Requirement
Beginning with the line that contains "010.-Ostrozka-tatrzanska" in the material below, print each line exactly until the line that contains "Thunbergia alata image" has been printed, then stop.

Data
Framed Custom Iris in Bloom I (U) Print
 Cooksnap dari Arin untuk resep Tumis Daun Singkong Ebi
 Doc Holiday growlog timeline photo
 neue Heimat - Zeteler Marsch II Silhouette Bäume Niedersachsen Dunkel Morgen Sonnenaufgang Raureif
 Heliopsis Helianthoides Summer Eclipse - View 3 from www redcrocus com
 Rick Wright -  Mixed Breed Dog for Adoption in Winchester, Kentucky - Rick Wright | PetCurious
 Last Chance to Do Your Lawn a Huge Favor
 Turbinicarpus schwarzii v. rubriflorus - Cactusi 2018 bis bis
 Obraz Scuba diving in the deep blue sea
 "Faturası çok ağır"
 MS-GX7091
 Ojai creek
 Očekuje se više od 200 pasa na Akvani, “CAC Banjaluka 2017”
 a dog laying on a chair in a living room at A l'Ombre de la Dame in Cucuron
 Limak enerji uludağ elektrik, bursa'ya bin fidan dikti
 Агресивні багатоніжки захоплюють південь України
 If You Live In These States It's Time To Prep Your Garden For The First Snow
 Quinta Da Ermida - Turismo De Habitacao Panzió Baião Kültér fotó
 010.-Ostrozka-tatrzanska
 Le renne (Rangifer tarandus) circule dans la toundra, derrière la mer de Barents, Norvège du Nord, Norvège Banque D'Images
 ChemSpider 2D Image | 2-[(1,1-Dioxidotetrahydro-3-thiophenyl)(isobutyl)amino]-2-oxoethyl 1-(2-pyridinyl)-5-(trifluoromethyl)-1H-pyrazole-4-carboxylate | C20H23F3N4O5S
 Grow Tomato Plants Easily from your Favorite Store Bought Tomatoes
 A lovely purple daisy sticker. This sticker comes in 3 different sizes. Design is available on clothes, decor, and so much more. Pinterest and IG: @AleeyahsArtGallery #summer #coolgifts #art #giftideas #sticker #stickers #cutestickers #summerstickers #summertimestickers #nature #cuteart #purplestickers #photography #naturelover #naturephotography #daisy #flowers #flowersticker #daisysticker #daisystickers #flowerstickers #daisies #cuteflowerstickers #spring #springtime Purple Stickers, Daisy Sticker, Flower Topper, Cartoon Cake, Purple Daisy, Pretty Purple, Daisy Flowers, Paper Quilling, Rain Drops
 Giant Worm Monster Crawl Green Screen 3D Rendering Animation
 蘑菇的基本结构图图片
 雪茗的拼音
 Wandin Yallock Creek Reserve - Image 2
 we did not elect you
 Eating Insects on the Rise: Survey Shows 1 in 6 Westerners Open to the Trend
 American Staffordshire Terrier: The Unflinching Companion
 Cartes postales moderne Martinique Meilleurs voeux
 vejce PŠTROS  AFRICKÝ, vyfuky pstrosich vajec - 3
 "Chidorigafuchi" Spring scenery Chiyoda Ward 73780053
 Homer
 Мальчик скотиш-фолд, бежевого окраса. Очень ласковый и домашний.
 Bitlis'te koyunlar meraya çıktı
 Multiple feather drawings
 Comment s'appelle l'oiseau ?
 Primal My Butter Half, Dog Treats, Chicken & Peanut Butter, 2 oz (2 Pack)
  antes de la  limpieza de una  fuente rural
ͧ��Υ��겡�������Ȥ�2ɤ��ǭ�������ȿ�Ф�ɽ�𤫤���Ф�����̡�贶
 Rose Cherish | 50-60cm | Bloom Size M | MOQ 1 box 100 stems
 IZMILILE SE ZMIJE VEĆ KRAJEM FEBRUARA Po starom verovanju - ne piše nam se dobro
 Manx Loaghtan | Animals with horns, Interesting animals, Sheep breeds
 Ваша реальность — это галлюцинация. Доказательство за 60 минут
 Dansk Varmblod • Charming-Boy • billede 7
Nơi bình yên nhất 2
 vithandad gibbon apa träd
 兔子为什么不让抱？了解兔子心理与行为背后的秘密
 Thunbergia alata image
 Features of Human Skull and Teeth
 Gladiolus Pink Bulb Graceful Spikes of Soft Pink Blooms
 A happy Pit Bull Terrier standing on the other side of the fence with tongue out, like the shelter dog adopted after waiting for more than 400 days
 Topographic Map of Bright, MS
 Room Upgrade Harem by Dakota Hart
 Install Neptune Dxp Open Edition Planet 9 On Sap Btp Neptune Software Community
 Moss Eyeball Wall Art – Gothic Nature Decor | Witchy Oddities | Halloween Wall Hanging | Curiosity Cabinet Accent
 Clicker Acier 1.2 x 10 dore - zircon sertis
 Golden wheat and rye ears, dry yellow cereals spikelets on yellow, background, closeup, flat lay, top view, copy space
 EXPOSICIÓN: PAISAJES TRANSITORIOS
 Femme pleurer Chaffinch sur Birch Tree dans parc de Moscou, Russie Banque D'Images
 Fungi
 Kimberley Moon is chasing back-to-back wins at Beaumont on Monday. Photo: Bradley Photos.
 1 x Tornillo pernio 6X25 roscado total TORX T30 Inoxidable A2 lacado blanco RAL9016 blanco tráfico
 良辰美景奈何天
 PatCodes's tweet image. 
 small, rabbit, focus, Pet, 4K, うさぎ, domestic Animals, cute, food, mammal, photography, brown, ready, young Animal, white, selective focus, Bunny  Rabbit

Written reply
 010.-Ostrozka-tatrzanska
 Le renne (Rangifer tarandus) circule dans la toundra, derrière la mer de Barents, Norvège du Nord, Norvège Banque D'Images
 ChemSpider 2D Image | 2-[(1,1-Dioxidotetrahydro-3-thiophenyl)(isobutyl)amino]-2-oxoethyl 1-(2-pyridinyl)-5-(trifluoromethyl)-1H-pyrazole-4-carboxylate | C20H23F3N4O5S
 Grow Tomato Plants Easily from your Favorite Store Bought Tomatoes
 A lovely purple daisy sticker. This sticker comes in 3 different sizes. Design is available on clothes, decor, and so much more. Pinterest and IG: @AleeyahsArtGallery #summer #coolgifts #art #giftideas #sticker #stickers #cutestickers #summerstickers #summertimestickers #nature #cuteart #purplestickers #photography #naturelover #naturephotography #daisy #flowers #flowersticker #daisysticker #daisystickers #flowerstickers #daisies #cuteflowerstickers #spring #springtime Purple Stickers, Daisy Sticker, Flower Topper, Cartoon Cake, Purple Daisy, Pretty Purple, Daisy Flowers, Paper Quilling, Rain Drops
 Giant Worm Monster Crawl Green Screen 3D Rendering Animation
 蘑菇的基本结构图图片
 雪茗的拼音
 Wandin Yallock Creek Reserve - Image 2
 we did not elect you
 Eating Insects on the Rise: Survey Shows 1 in 6 Westerners Open to the Trend
 American Staffordshire Terrier: The Unflinching Companion
 Cartes postales moderne Martinique Meilleurs voeux
 vejce PŠTROS  AFRICKÝ, vyfuky pstrosich vajec - 3
 "Chidorigafuchi" Spring scenery Chiyoda Ward 73780053
 Homer
 Мальчик скотиш-фолд, бежевого окраса. Очень ласковый и домашний.
 Bitlis'te koyunlar meraya çıktı
 Multiple feather drawings
 Comment s'appelle l'oiseau ?
 Primal My Butter Half, Dog Treats, Chicken & Peanut Butter, 2 oz (2 Pack)
  antes de la  limpieza de una  fuente rural
ͧ��Υ��겡�������Ȥ�2ɤ��ǭ�������ȿ�Ф�ɽ�𤫤���Ф�����̡�贶
 Rose Cherish | 50-60cm | Bloom Size M | MOQ 1 box 100 stems
 IZMILILE SE ZMIJE VEĆ KRAJEM FEBRUARA Po starom verovanju - ne piše nam se dobro
 Manx Loaghtan | Animals with horns, Interesting animals, Sheep breeds
 Ваша реальность — это галлюцинация. Доказательство за 60 минут
 Dansk Varmblod • Charming-Boy • billede 7
Nơi bình yên nhất 2
 vithandad gibbon apa träd
 兔子为什么不让抱？了解兔子心理与行为背后的秘密
 Thunbergia alata image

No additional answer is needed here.